Le président du Directoire de la SGP Equipag et responsable à la coopération industrielle et technologique algéro-française, Bachir Dehimi, s’est félicité, pour sa part, des nombreuses concrétisées ou en voie de l’être à la faveur de cette relation, citant notamment l’usine Renault d’Oran et le projet de fabrication d’embarcations de pêche avec un partenaire breton, Perriot.   Il a précisé que l’accord final pour le lancement de ce partenariat est « ficelé».

« Ce n’est ni un achat de licence, ni de l’assistance technique, ni un savoir-faire bête et méchant, mais un projet de partenariat, de co-localisation, prévoyant la fabrication en Algérie d’embarcations de pêche et de servitude avec l’opérateur breton», a fait savoir M. Dehimi, signalant que l’accord prévoit, d’ici 2016, un taux d’intégration du produit labélisé de 80 %.

Il a annoncé, à cette occasion, être venu à Paris avec ½ 35 projets » qui feront l’objet de discussions vendredi au siège d’Ubifrance avec des partenaires français.

"Il s’agit notamment de 12 projets de partenariat industriel, de 17 projets concernant la sous-traitance et de six autres opérations collectives », a-t-il révélé.

Intervenant à l’occasion, la Vice-présidente du Sénat français, Bariza Khiari, a relevé que le colloque Sénat-Ubifrance est intervenu à un moment "stratégique : la réélection du chef de l’Etat algérien pour un nouveau mandat». "Une réélection présentée comme l’opportunité d’engager, de poursuivre ou d’accélérer des réformes importantes dont l’Algérie et les Algériens ont encore besoin", a-t-elle commenté.

Pour la sénatrice,  il "nous ne revient pas, ici, de qualifier les causes de cette stabilité algérienne, mais simplement de la constater". "Si on veut donner corps à une coopération en Méditerranée occidentale, et pour un Maghreb prospère, l’axe Paris-Alger est un peu ce que fût l’axe Paris-Berlin en Europe", a-t-elle dit.
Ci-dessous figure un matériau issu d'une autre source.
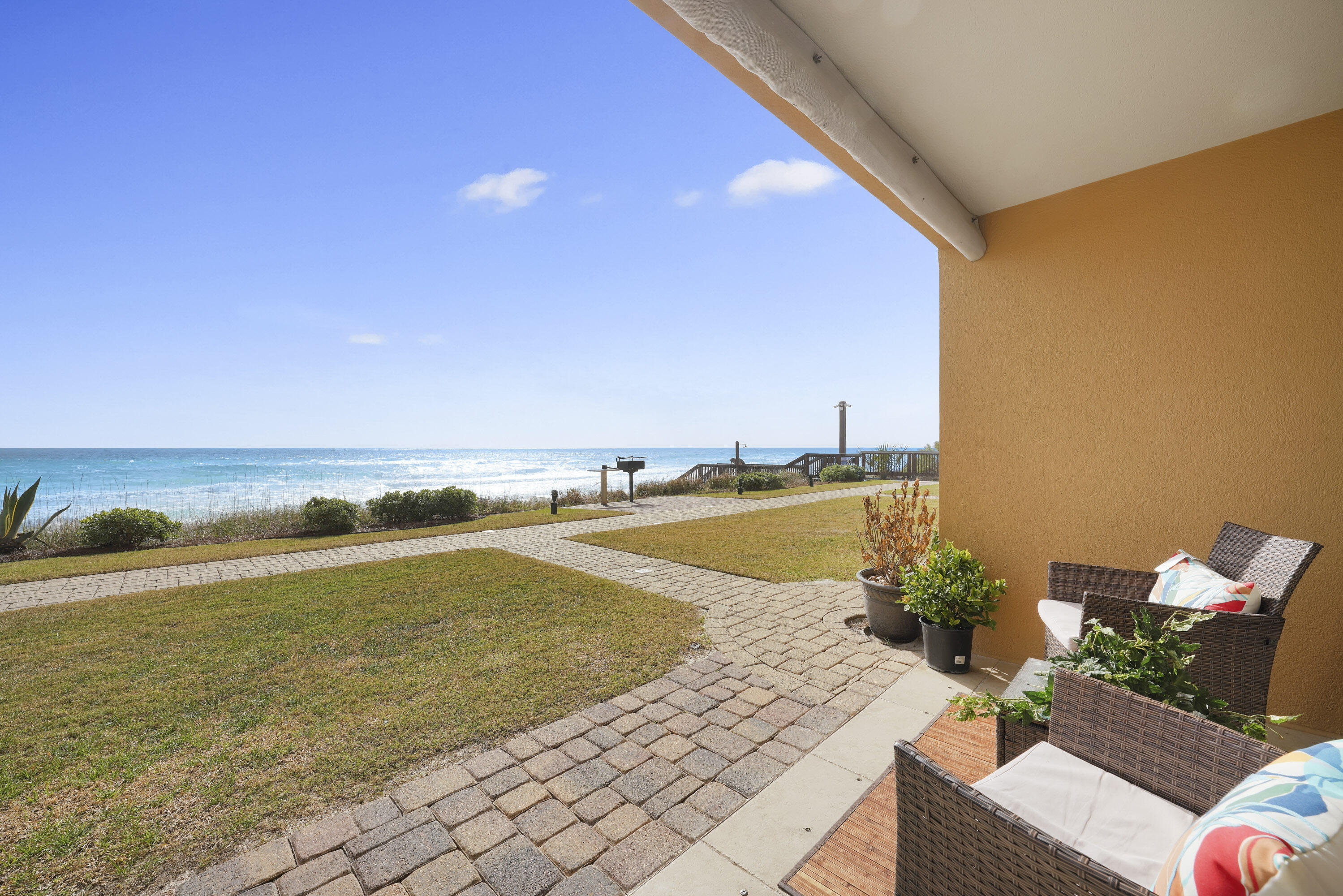 CORAL REEF CLUB - Residential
Les Rencontres Algérie sont désormais perçues, dans la capitale française, comme une véritable plateforme d’échanges et d’apartés entre les chefs d’entreprises algériens porteurs de projets et leurs homologues français. Elles sont aussi un moment pour débattre des potentialités du marché avec des experts sectoriels, des prestataires de services dans les domaines juridique, fiscal, bancaire, des ressources humaines, de la formation, et des partenaires institutionnels d’UBIFRANCE aux services des entreprises.